(Dataset records)
*** Block opens ***

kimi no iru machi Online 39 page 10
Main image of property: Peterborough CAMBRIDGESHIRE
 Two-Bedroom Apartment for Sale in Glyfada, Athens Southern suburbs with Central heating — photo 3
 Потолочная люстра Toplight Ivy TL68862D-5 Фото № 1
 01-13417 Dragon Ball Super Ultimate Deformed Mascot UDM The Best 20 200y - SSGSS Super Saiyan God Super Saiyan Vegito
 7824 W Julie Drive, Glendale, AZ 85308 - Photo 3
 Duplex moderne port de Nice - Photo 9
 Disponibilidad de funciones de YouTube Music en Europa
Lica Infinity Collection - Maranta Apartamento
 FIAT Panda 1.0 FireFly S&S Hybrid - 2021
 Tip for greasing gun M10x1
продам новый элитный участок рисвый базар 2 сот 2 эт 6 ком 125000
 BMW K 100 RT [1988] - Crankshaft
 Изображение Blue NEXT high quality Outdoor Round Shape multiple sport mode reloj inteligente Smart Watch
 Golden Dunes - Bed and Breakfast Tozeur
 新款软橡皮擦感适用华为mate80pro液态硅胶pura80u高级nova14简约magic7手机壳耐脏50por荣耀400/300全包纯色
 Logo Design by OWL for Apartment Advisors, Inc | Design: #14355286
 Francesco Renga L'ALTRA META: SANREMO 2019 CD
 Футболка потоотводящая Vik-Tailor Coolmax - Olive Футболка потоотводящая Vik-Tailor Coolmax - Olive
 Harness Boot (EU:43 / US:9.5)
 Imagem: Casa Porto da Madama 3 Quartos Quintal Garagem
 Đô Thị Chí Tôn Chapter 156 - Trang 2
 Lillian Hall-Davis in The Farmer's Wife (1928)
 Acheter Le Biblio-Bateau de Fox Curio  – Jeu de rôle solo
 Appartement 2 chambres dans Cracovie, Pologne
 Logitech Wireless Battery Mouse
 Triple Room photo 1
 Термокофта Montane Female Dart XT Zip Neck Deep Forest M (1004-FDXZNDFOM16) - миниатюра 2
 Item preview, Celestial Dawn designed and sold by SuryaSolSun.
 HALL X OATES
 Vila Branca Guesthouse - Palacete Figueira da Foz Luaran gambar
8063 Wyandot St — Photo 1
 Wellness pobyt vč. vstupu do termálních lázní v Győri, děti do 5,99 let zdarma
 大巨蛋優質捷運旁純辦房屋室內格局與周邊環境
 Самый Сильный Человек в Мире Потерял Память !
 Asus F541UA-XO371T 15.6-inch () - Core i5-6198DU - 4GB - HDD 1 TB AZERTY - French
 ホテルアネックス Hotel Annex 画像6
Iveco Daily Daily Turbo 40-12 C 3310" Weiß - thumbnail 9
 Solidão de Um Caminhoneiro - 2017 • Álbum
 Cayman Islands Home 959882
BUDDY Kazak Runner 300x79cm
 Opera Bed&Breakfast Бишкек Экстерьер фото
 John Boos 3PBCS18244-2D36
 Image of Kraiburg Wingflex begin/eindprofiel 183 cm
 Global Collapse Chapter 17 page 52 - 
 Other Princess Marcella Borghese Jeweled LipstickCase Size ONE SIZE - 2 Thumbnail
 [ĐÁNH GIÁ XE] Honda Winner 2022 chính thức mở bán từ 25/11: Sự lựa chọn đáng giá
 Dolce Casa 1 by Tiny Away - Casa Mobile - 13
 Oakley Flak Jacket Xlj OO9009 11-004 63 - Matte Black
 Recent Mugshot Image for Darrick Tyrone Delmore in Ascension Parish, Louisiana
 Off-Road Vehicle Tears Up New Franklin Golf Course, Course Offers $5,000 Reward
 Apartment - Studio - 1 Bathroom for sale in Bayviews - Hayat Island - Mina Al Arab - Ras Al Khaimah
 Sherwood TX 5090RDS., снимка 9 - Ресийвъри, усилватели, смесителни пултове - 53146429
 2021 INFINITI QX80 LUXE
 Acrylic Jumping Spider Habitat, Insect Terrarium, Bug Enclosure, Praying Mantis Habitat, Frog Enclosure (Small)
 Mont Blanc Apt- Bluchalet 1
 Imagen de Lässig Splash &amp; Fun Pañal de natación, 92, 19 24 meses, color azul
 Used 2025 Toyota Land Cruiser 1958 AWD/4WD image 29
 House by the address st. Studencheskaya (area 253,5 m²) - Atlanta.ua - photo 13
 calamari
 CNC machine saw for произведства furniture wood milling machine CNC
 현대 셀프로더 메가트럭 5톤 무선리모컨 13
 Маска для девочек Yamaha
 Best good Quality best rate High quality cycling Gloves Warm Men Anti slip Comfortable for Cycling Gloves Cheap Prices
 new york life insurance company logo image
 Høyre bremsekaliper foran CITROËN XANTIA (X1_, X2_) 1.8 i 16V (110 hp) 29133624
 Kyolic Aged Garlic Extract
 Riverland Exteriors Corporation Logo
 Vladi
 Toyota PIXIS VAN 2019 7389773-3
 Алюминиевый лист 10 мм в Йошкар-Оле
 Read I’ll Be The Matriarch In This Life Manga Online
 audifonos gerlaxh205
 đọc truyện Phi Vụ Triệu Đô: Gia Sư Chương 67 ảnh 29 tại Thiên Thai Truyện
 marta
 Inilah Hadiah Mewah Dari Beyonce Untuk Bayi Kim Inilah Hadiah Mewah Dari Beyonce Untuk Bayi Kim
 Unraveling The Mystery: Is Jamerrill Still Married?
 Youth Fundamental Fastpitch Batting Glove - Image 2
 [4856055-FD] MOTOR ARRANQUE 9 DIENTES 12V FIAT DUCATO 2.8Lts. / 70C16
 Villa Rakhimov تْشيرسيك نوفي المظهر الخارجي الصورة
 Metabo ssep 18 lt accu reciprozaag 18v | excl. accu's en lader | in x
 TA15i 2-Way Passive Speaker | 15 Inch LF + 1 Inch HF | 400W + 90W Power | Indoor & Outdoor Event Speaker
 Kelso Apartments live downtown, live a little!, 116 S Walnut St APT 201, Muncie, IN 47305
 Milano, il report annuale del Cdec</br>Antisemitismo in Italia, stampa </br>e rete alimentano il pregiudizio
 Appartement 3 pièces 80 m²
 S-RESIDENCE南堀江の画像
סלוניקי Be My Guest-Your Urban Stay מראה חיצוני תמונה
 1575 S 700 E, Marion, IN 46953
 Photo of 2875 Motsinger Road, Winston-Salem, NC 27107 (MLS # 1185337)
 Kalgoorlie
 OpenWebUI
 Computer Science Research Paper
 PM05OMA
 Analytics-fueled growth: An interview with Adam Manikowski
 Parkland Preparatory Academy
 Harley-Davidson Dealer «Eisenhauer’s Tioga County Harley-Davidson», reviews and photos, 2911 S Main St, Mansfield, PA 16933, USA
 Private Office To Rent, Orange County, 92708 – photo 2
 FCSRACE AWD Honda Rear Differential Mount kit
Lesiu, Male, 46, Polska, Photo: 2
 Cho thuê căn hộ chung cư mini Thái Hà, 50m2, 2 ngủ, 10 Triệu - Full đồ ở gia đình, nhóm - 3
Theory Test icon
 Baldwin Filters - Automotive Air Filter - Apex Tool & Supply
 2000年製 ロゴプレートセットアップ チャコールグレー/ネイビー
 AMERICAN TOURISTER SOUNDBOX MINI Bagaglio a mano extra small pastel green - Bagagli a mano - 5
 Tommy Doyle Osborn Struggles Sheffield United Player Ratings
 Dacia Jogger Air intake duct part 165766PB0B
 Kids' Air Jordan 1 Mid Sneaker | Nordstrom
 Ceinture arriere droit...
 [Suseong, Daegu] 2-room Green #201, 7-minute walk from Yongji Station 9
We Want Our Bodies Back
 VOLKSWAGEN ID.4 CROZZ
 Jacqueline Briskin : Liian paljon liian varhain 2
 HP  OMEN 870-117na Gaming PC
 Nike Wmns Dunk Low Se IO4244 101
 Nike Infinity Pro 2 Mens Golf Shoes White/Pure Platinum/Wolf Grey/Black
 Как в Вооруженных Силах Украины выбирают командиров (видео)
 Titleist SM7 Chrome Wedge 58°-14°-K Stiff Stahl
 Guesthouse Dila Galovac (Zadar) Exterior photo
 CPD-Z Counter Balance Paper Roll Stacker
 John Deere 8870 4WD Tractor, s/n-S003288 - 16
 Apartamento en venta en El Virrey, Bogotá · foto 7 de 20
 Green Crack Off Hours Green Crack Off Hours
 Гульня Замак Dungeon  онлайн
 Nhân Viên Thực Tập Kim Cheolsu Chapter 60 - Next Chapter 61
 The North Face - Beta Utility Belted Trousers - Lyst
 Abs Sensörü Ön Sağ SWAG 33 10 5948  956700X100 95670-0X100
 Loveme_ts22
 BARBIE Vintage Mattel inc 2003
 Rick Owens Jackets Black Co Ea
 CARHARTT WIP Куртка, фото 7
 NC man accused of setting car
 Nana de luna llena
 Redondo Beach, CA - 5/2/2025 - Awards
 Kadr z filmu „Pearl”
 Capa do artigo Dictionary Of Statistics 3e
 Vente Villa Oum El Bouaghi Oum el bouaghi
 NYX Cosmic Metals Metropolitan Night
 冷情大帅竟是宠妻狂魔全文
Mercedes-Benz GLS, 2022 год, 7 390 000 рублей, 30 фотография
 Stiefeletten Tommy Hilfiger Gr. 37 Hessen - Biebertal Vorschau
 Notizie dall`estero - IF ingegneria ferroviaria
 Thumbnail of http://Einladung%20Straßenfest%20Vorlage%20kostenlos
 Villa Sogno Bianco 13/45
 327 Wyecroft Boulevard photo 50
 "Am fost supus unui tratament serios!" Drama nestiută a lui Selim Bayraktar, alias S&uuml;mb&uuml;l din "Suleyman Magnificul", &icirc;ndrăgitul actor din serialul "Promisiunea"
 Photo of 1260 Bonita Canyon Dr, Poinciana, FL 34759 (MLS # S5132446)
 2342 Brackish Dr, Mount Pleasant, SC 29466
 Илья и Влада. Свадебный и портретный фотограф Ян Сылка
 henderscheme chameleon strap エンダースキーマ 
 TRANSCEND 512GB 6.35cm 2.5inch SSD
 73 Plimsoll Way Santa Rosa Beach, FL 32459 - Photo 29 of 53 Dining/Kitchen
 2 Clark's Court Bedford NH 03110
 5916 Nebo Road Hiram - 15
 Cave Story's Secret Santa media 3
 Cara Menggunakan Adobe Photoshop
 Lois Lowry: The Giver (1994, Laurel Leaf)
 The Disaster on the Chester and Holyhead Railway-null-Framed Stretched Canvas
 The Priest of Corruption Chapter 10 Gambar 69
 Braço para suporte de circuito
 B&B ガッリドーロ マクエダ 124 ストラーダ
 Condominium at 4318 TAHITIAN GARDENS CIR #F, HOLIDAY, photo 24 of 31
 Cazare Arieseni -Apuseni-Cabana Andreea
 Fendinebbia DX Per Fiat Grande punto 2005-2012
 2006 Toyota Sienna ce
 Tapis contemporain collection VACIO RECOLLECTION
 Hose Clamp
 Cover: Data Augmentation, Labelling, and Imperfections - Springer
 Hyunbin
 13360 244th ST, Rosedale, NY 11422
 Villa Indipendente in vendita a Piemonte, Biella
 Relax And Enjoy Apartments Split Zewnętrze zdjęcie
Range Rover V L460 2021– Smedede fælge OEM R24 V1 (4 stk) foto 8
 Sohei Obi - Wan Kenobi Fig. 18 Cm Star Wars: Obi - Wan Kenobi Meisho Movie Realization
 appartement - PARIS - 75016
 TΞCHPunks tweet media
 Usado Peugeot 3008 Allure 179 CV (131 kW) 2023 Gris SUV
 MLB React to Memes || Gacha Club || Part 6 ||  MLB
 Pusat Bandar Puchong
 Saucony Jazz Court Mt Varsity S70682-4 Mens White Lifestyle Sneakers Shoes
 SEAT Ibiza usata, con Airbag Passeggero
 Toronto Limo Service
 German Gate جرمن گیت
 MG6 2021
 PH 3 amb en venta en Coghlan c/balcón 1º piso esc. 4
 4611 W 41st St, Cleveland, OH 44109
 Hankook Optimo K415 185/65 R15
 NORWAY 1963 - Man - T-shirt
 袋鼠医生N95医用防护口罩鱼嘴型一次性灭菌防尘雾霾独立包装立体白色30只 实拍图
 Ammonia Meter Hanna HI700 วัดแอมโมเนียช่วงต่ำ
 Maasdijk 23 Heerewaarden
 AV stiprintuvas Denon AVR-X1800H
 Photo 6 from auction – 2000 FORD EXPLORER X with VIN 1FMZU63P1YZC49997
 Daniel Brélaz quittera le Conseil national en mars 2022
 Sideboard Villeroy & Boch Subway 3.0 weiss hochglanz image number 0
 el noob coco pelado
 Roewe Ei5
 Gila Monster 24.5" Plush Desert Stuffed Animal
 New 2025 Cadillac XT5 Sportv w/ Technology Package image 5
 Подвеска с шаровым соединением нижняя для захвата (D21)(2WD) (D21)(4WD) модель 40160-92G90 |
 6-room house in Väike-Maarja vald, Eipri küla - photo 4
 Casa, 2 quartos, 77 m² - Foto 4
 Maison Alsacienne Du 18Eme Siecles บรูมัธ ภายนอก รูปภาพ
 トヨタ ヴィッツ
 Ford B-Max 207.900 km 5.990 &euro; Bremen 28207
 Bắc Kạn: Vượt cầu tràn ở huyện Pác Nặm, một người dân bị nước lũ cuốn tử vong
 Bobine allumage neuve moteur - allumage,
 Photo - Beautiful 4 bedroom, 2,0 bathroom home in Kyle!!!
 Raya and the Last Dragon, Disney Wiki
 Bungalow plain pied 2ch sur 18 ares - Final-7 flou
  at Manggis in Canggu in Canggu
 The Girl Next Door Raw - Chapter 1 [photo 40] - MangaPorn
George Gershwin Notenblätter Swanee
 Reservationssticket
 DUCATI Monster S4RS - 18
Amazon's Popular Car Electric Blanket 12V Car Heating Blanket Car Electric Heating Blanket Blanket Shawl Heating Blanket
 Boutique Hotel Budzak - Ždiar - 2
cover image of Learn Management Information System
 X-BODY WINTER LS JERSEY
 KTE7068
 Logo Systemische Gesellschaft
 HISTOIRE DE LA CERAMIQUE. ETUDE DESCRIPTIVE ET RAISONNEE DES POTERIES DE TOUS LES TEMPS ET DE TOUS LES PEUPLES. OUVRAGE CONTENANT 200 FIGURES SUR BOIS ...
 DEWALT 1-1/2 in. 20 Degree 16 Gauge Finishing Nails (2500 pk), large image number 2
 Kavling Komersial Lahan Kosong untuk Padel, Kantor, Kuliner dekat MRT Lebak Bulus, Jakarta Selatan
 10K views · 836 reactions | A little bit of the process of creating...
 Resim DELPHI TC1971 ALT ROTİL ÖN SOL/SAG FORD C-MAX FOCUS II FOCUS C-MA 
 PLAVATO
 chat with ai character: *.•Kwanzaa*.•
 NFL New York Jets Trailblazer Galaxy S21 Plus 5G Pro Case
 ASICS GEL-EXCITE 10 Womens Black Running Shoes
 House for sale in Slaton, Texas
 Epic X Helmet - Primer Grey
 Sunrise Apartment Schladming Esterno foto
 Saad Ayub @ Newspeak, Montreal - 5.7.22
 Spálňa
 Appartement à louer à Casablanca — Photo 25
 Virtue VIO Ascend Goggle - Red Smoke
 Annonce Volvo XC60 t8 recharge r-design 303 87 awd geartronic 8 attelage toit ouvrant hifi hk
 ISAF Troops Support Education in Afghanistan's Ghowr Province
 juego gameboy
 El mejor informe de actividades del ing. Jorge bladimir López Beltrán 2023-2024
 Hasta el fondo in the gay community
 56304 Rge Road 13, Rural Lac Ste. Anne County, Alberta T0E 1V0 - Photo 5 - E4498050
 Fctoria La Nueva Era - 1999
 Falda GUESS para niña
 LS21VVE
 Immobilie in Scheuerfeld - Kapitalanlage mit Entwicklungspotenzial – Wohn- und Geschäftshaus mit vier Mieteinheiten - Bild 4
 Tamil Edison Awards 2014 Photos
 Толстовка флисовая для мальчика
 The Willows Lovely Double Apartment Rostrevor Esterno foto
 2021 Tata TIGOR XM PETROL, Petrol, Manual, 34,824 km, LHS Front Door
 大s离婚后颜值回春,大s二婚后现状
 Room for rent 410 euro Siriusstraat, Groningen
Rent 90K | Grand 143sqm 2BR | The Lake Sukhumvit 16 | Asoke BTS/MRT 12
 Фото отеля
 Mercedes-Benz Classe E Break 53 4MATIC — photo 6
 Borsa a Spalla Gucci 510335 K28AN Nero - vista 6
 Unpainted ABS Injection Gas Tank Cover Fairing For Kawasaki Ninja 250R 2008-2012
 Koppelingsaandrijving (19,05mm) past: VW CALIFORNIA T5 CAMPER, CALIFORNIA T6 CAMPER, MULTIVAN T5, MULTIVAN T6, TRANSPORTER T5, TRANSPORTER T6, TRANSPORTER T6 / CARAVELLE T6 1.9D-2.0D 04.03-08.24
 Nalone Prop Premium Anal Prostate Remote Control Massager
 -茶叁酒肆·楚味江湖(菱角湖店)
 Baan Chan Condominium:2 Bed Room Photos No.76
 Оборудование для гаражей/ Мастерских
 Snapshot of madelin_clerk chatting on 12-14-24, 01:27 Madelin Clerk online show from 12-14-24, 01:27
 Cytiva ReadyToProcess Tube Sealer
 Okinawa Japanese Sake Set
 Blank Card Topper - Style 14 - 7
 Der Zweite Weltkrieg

*** Block closes ***

What you have to do:
A word-for-word copy of the lines above from the one with "Илья и Влада." through the one with "Condominium at 4318", inclusive, is the only output wanted.

Exercise response:
 Илья и Влада. Свадебный и портретный фотограф Ян Сылка
 henderscheme chameleon strap エンダースキーマ 
 TRANSCEND 512GB 6.35cm 2.5inch SSD
 73 Plimsoll Way Santa Rosa Beach, FL 32459 - Photo 29 of 53 Dining/Kitchen
 2 Clark's Court Bedford NH 03110
 5916 Nebo Road Hiram - 15
 Cave Story's Secret Santa media 3
 Cara Menggunakan Adobe Photoshop
 Lois Lowry: The Giver (1994, Laurel Leaf)
 The Disaster on the Chester and Holyhead Railway-null-Framed Stretched Canvas
 The Priest of Corruption Chapter 10 Gambar 69
 Braço para suporte de circuito
 B&B ガッリドーロ マクエダ 124 ストラーダ
 Condominium at 4318 TAHITIAN GARDENS CIR #F, HOLIDAY, photo 24 of 31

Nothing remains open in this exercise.